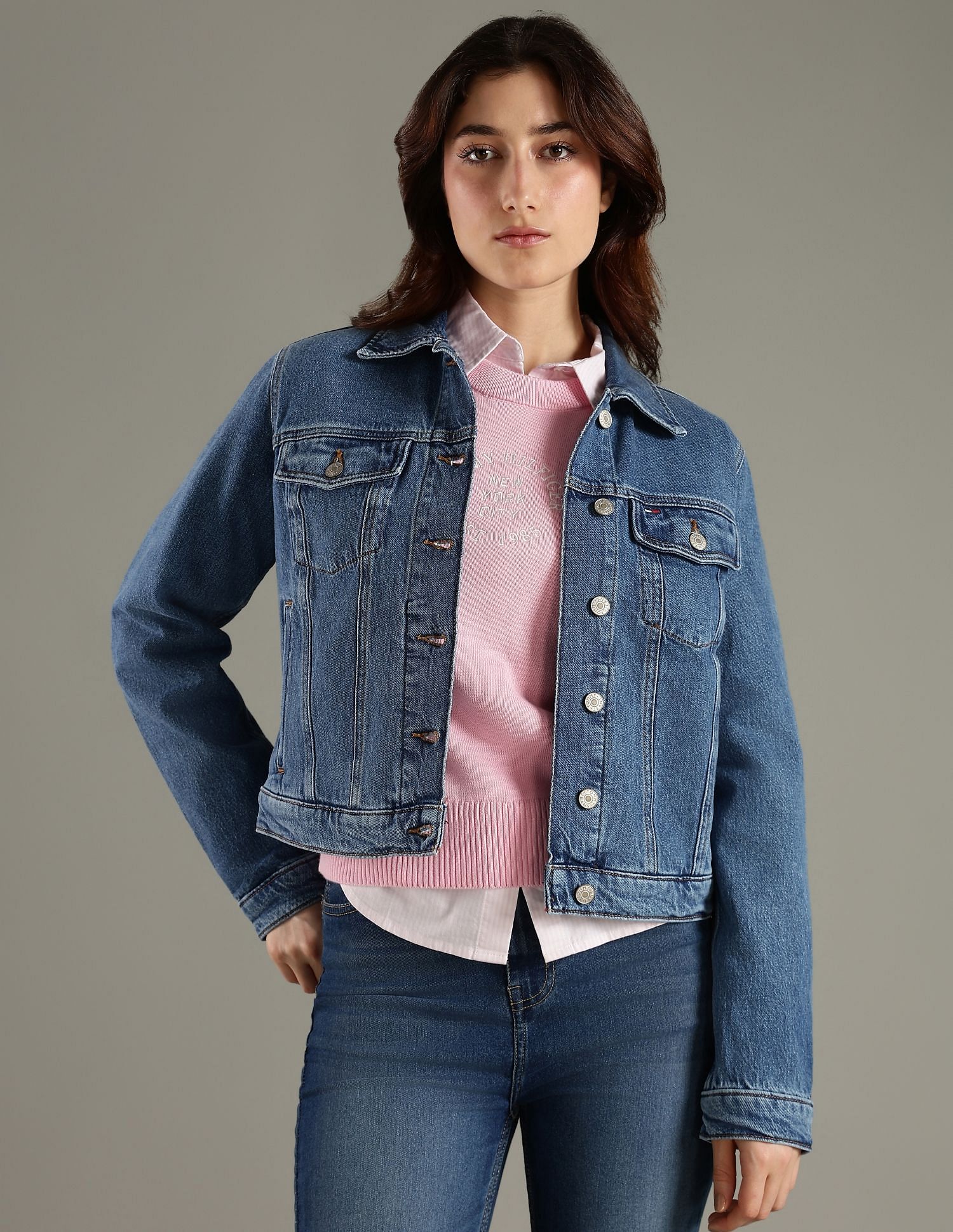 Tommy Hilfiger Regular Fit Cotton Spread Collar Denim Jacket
...
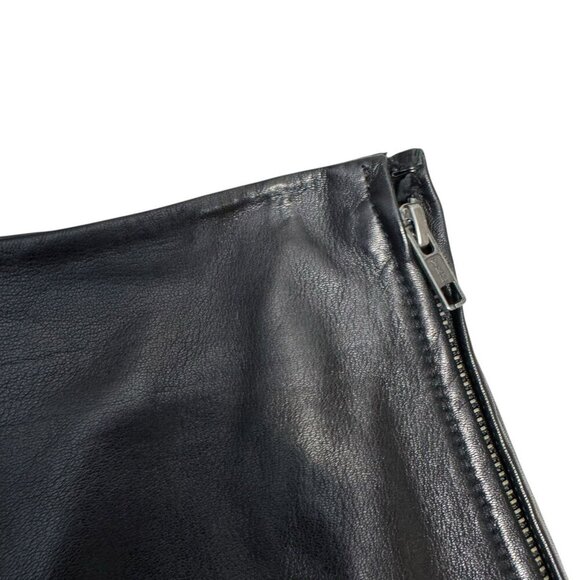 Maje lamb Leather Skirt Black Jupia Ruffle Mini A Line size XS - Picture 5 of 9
--
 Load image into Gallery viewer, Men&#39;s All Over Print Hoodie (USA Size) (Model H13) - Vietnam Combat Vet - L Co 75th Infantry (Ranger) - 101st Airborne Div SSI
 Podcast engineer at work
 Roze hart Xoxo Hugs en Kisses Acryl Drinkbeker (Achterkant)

→ **Requirement**
All that is wanted is a faithful reproduction of the line above with "Load image into", the line with "Roze hart Xoxo", and every line in between.

→ **Solution for this problem**
 Load image into Gallery viewer, Men&#39;s All Over Print Hoodie (USA Size) (Model H13) - Vietnam Combat Vet - L Co 75th Infantry (Ranger) - 101st Airborne Div SSI
 Podcast engineer at work
 Roze hart Xoxo Hugs en Kisses Acryl Drinkbeker (Achterkant)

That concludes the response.